Tag: Contract Freight

A Contract Hit – How Shippers Can Avoid Costly Long-Term Carrier Deals

When Shippers need to move freight on a truck, determining the most cost-effective way to do so is often a guessing game – if not a pure gamble. This is particularly true for mega companies – think Walmart – that move millions of loads per year.

Shippers generally have two ways to pay trucking companies to haul their freight: either commit to long-term contractual rates, or rely on the economic whims of short-term spot market rates, which can be impacted by any number of factors – including global pandemics.

Walmart owns roughly 6,000 trucks and 60,000 trailers, making it one of the largest private fleets in the country. But even the biggest company in the world outsources much of its excess freight to brokers and large Carriers on a long-term contractual basis, and they’re not the only ones. What many of those companies don’t realize is it’s actually the “little guys” moving much of that freight.

A 2016 LaneAxis study created major waves by revealing that the biggest trucking and logistics firms in the country secretly outsource an average of 42% of their freight to small “mom-and-pop” independent trucking companies – a practice known as “Purchased Transportation.”

Translated: many Shippers are simply more comfortable securing long-term capacity at fixed prices to ensure peace of mind and cost predictability. But what the LaneAxis study exposed is that many of the transportation companies they’re contracting with are themselves relying on the fickle spot market to move those loads, often for far less than the original contracted rate.

So who loses at the end? Both the Shippers AND the small independent Truckers who are actually hauling the freight. Who wins? The mega-carriers and logistics companies collecting hefty sums to play ‘middleman.’

Shippers lose by generally overpaying to secure that long-term capacity, while unknowingly losing real-time visibility over their freight. The small, independent Carriers who actually move the loads lose by having those behemoth intermediaries shave anywhere from 20-50% off the total amount they should rightfully be earning.

This is just one of numerous supply chain inefficiencies and questionable practices exposed over the last few months by the COVID-19 crisis.

But as with many aspects of life post-pandemic, a “new normal” is taking shape in the supply chain – and LaneAxis is leading the way. The company’s FreightLINK Shipper-to-Carrier Direct Network is eliminating the need for Shippers of all sizes to utilize costly intermediaries or commit to risky long-term contracts.
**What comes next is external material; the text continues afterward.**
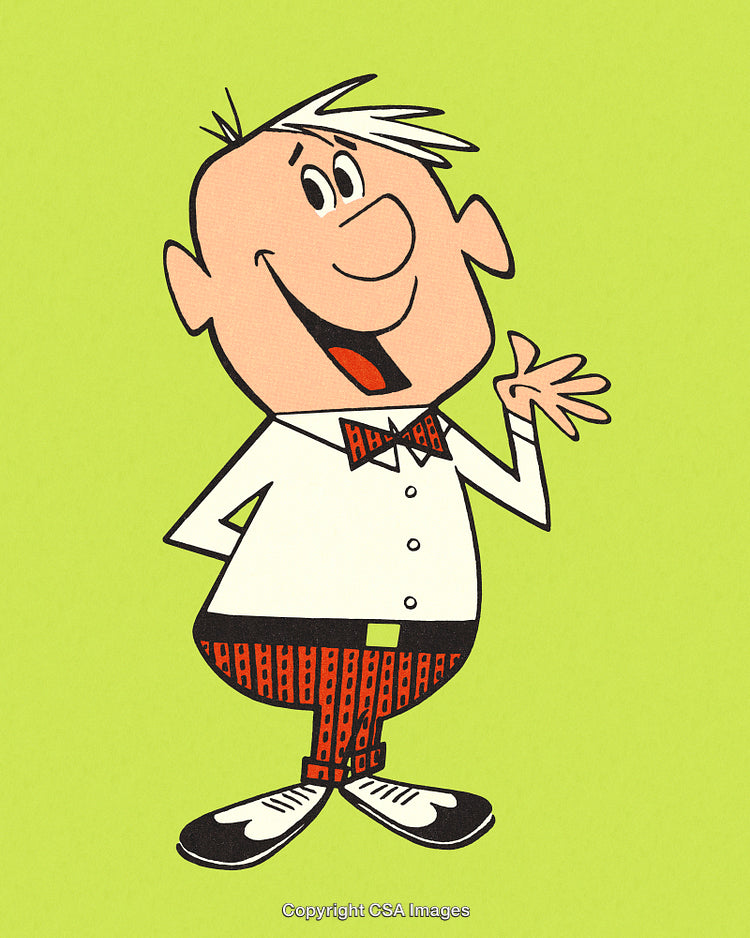 Cheerful Cartoon Character with Bow Tie on Bright Green Background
By connecting Shippers directly to Carriers via a vast and dynamic on-demand transportation network, the two sides can negotiate rates fairly and directly via the LaneAxis platform. Both sides will make and save money by cutting out mega-intermediaries and the mega fees they consume. Shippers are now empowered to build a vast independent carrier network that will virtually eliminate capacity concerns regardless of market conditions. That’s because they now have the ability to connect with hundreds of thousands of small trucking companies they never knew existed, and who are all now vetted and visible inside the LaneAxis portal.

Further, LaneAxis’ FreightVISION platform ensures complete transparency and trust over all freight movements by providing Shippers real-time tracking, e-docs, proof of pickup and delivery, and much more. Small Carriers, in turn, will receive the full and fair payment they’re entitled to – and generally receive it in 24 hours via the FreightVISION payment gateway. Currently independent Truckers often have to wait weeks or even months to get paid after a shipment is complete.

Bottom line: going direct via FreightLINK virtually eliminates the need for Shippers to enter into long-term contracts with giant transportation companies. It also frees both Shippers and Carriers from relying on costly and clumsy broker-based load boards to connect.

It’s a true win-win for both Shippers and Carriers.